初めに
福祉施設にネイルケアに行くようになり20年を過ぎます。もちろん20年前のこの頃は、福祉ネイリストという言葉さえ聞かない時代でした。これまで20数年間、本当に業界の沢山の人と話して来ました。
おばあちゃんや高齢者の「美」を引き出す仕事は、見ていてほのぼのしますし、こんな仕事に憧れる人は本当に多いと思います。
「私も貢献したい」「活躍したい」と、女性は特にすぐに惹きつけられます。私自身もそうでした

でも、よく考えてみてください。
ここにも「一儲けしたい人たち」が、美味しいビジネスとして目をつけている現実があります。資格ビジネス、スクールビジネスです。
私は、福祉への貢献という視点だけでなく、「仕事として成り立つのか」という立場でこの分野に関わることにしました。すると、表向きは良いことばかり語られているものの、現実的ではない実態が次々と見えてきました。これまで、人から人を返し大手の福祉企業様とも多く話して来ました。
そもそも介護事業の業界内に、「福祉ネイリスト」という事業・業態そのものが存在していないのです。
この話をすると、福祉業界の受け皿となる側からすら、「聞いたことがない」「話が来ていない」と言われます。
それなのに、資格やスクールだけが先に存在している。その先がないのに??と、逆に困惑されるのです。
多くの人が勘違いしていますが、
介護業界に「福祉ネイリスト」という職種枠はほぼ存在しません。
ネイルは保険点数にならないため、
施設側が継続的にお金を払う理由がないのが現実です。
受け皿がないなら、受け皿を作るしかない。
そう思い、その糸をたどっていくと、最終的に行き着くのは「お金の出所」でした。
誰がこのお金を払うのか。
まさか、おばあちゃんたち本人に請求するのでしょうか。
それは現実的ではありません。そう考え、施設側に「利用者のために費用を捻出してほしい」とお願いをしてきました。

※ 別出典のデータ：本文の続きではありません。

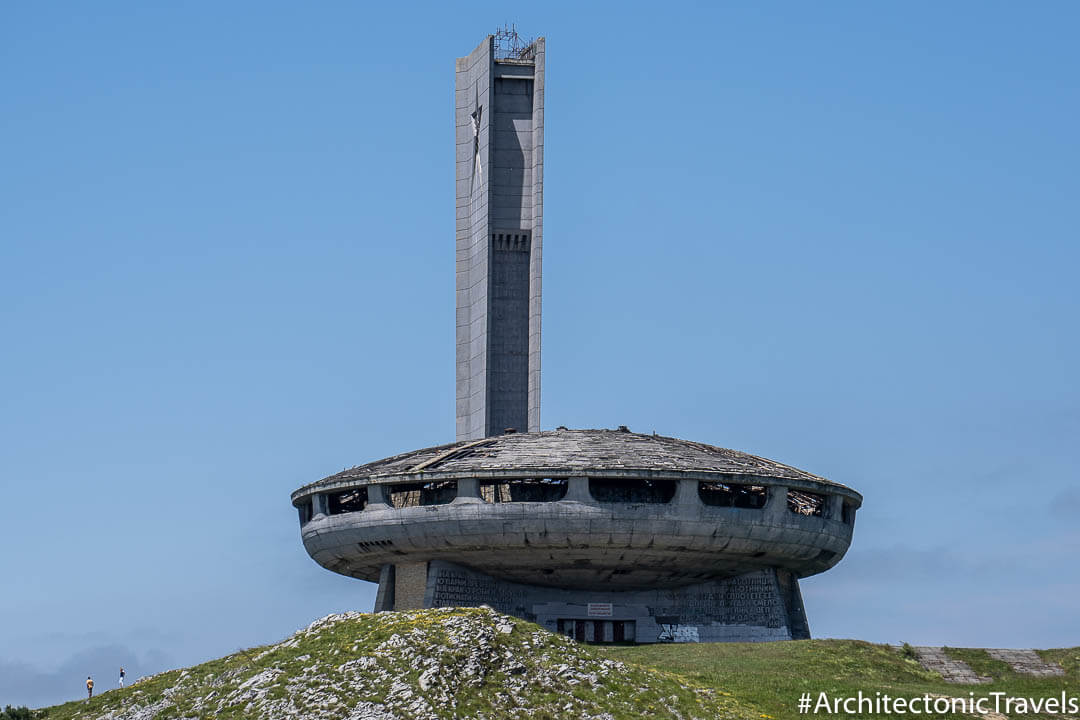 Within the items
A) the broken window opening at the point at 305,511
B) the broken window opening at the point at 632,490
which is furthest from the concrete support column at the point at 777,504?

介護保険制度の中では、ネイルは「お金が発生するサービス」として認められていない
それでも、何度も何度も業界側と話し合い、ようやく労働に見合う対価を了承していただくところまで辿り着きました。
もちろん、資格やスクールを運営する側も、そのように動いていたはずです。
資格やスクールを運営する側も、現場とつなげる努力をしていなかったわけではないと思います。
それでも、介護業界側は動きませんでした。制度としても、事業としても、受け入れる準備が整っていなかったのです。
要するに今の現状では、そもそも「受け皿」が存在しない
これは誰か一人の責任ではなく、業界全体の構造の問題です。
「良い取り組み」であることと、「仕事として成り立つこと」は、まったく別だからです。
理想や想いだけでは、介護の現場は動かない。
対価、制度、継続性、そのすべてが揃わなければ、業界は受け皿にはなりません。

これが、今の現実であり、結果です。
もう、スクールビジネスや資格ビジネスに振り回されないでください。
この業界で食べていきたいなら、他人に頼らず、自分の力で切り開くこと。
それが、成功へのヒントだと思います。